The leading families in the Newtown about seventy years ago were the Hamiltons, Robertsons, Grants, Nisbets, Gibbs, and Sneddens. The Old Row constituted the Newtown of those days, and about one hundred families resided there. It was a strict preserve for the miners and their families, and no lodgers or foreigners were admitted. Bynames were very plentiful, and there were lords, dukes, and earls among them. Peers and Commoners alike resided in the Old Row. Archibald Hamilton and his family represented the lords; Sandy Hamilton, the dukes; and Richard Hamilton, the earls. The Hamiltons of Grangepans are all related to the earls and lords Hamiltons of Newtown. The dukes belong to a separate branch, and are connected with the Robertsons and Sneddens.


Two alarming subsidences have occurred in Bo'ness during the last half-century. They have been described by Mr. Cadell12 as follows: —

"One Sunday evening about thirty years ago, as a local preacher was addressing a meeting on the subject of the fall of the Tower of Siloam in the Old Town Hall below the Clock Tower, and close to the harbour, the congregation were startled by an uncomfortable feeling as if the floor of the building was subsiding beneath them. No active calamity happened, although a terrible danger was very near, and a kind Providence rewarded the faith of the worshippers and permitted them quietly to leave the building after the close of the service. Next day investigations showed that a huge hole 60 feet deep had formed just under the floor, owing to the giving way of the roof of the Wester Main Waste. In a short time the tower began to sink, so as to necessitate its demolition by- the authorities. A small shaft was subsequently sunk to ascertain the nature of the cavity, and many had an opportunity of going down and wandering through the old workings about 50 feet below the surface. The seam was about 10 feet thick, and the old miners had worked it in large square pillars, with beautifully dressed faces and an excellent roof. The surface, however, was so near that the thin roof at places had fallen in, and one of the ' sits ' had taken place right under the Town Hall. This hole was solidly packed with stone when the Clock Tower was rebuilt.

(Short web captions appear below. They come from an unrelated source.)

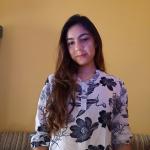 Karina Ap Serviços Karina Ap Serviços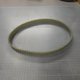 Chenille grise pour Ultramax/Magnum/Magnum Junior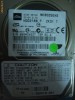 HDD Hard Laptop 80 GB IDE - ATA100 Toshiba MKV8025GAS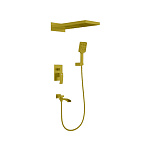 Превью - dushevoj-komplekt-gappo-g7107-73001.jpg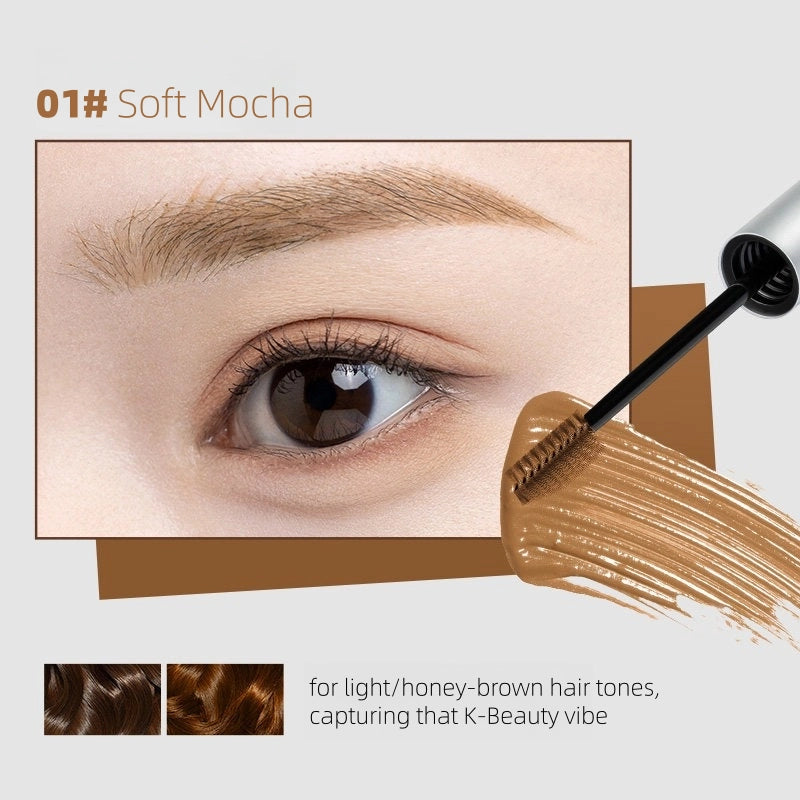 UKISS - Eyebrow Stain 5g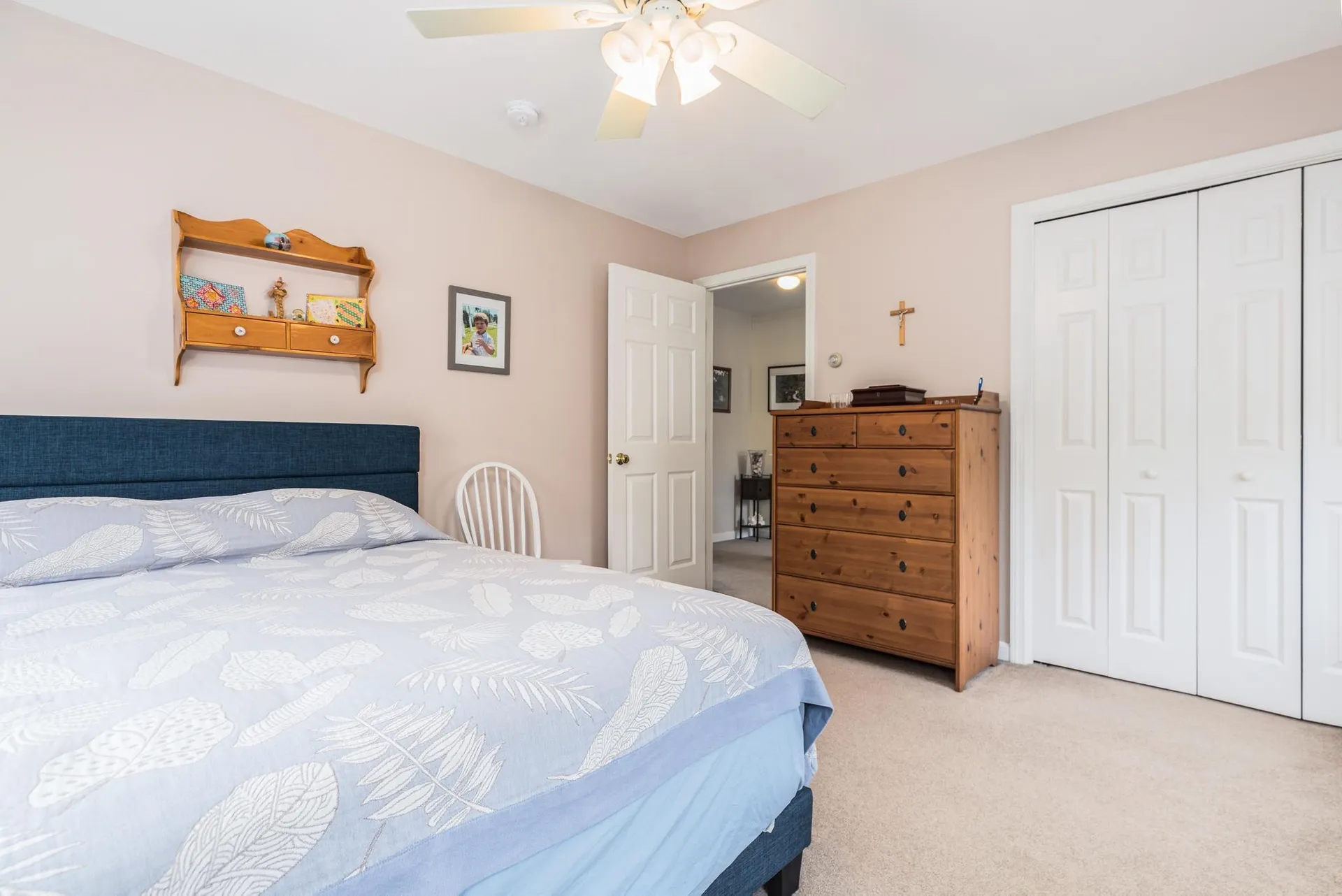 9 Vetter Lane Rochester NH 03867
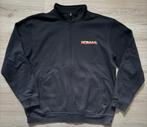 Vest/Sweater NORMAAL - Olderwets Høken - Maat XL, Ophalen of Verzenden, Zo goed als nieuw, Kleding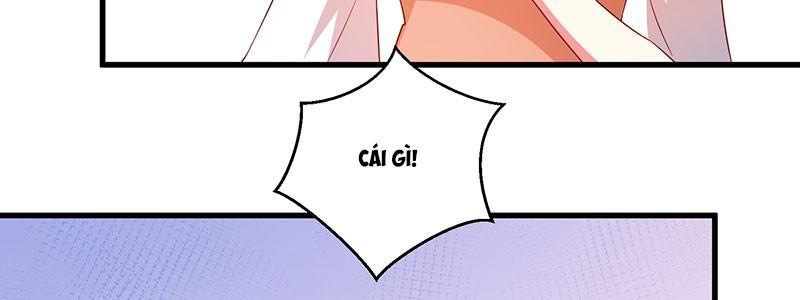 Khế Hôn Chapter 48 - Trang 2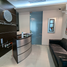 270 m² Office for rent in Boca Del Rio, Veracruz, Boca Del Rio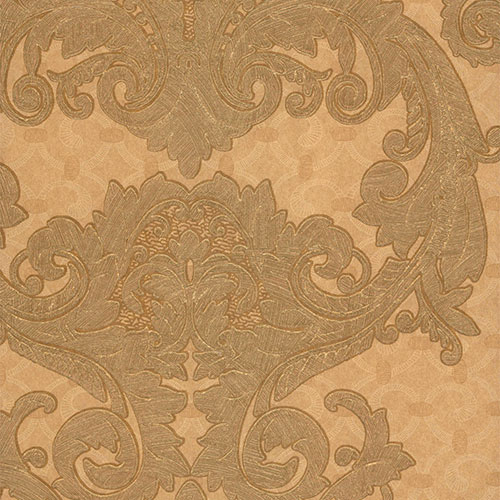  Atlas Wallcoverings Intuition 529-2 -  1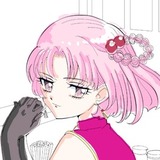 レヲ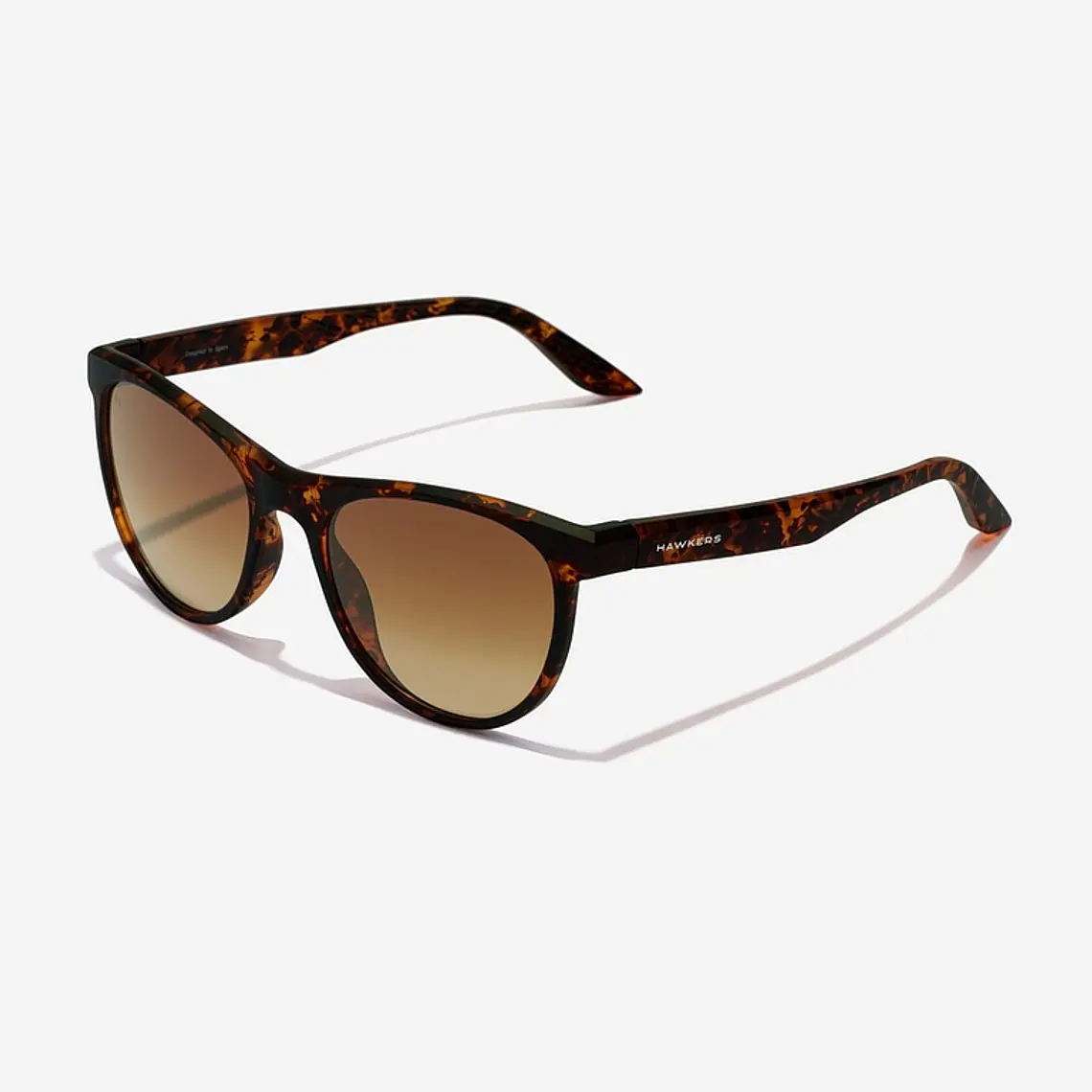 Lentes de Sol Hawkers Trail HTRA24CWT0 1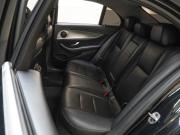 Mercedes-Benz E-Класс V (W213 S213 C238) Москва  - изображение 32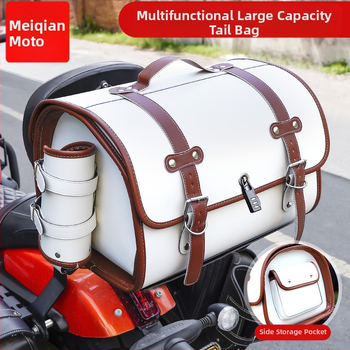 Три отделения багажник с вградена конструкция, модел MQ-405G12, сваляем, материал 39383820118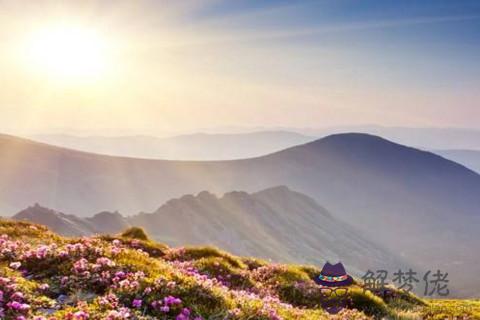 上升雙子座命好不好性格好嗎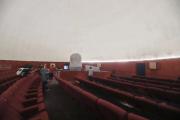 Taman Ismail Marzuki (TIM)
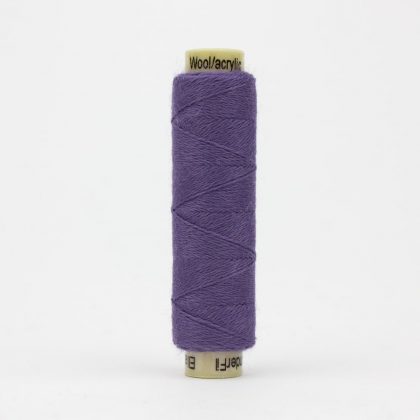 EN58 - Lavender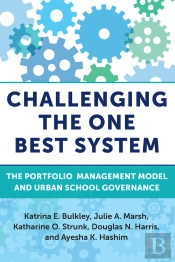 Challenging The One Best System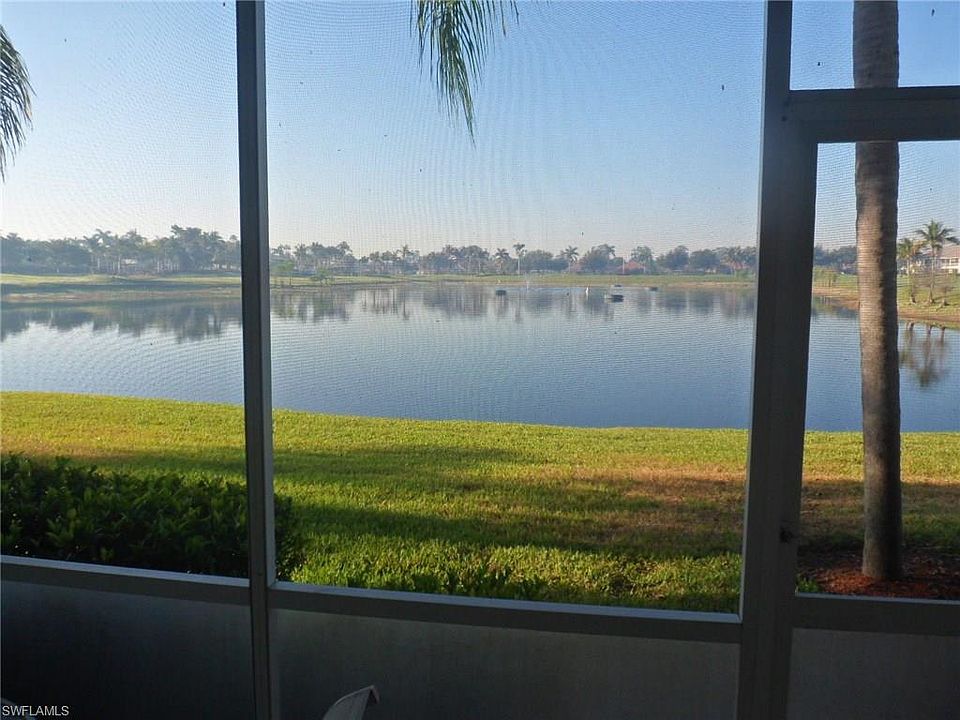 1st image of 8500 Legends Blvd APT 105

"On another Sunday evening, 2nd February, 1890, an alarming subsidence took place on the shore end of the old harbour, about 200 feet north of the Clock Tower, and close to the ' tongue ' that existed up till then between the east and west piers. The ground gave way under the railway, and when the sea rose the water gushed down like a roaring river,' enlarging the aperture, and leaving the rails and sleepers suspended in mid-air. The hole was plugged up with timber, straw, and brushwood, and filled to the surface with ballast and clay. All seemed safe, and heavy trains passed over the place until the 20th of February, when a second and larger subsidence took place, into which the sea at high tide rushed in enormous volumes. It looked as if all the dip workings of the Kinneil Colliery were to be drowned, but so large was the reservoir in the Old Wastes that the tide had not time to fill these up before it was excluded. The hole was securely filled with a foundation of slag blocks, covered with clay and ballast, and it was estimated that 2000 tons of material were swallowed up before the cavity was finally levelled over, in the beginning of March. The seam in these sits had a steep dip westward or north-westward, so that the material slid far down as it was dropped in, and was spread over a much larger area of the waste than if the working had been level. Only a few feet of solid rock had been left between the coal and the bottom of the mud in the harbour, and it is marvellous that the old miners were not drowned out a century ago after their temerity in working the seam so near the outcrop below the foreshore. The water that gained entrance during the last subsidence subsequently found its way down into the Kinneil Company's workings to the west, and for a time entailed heavy pumping there."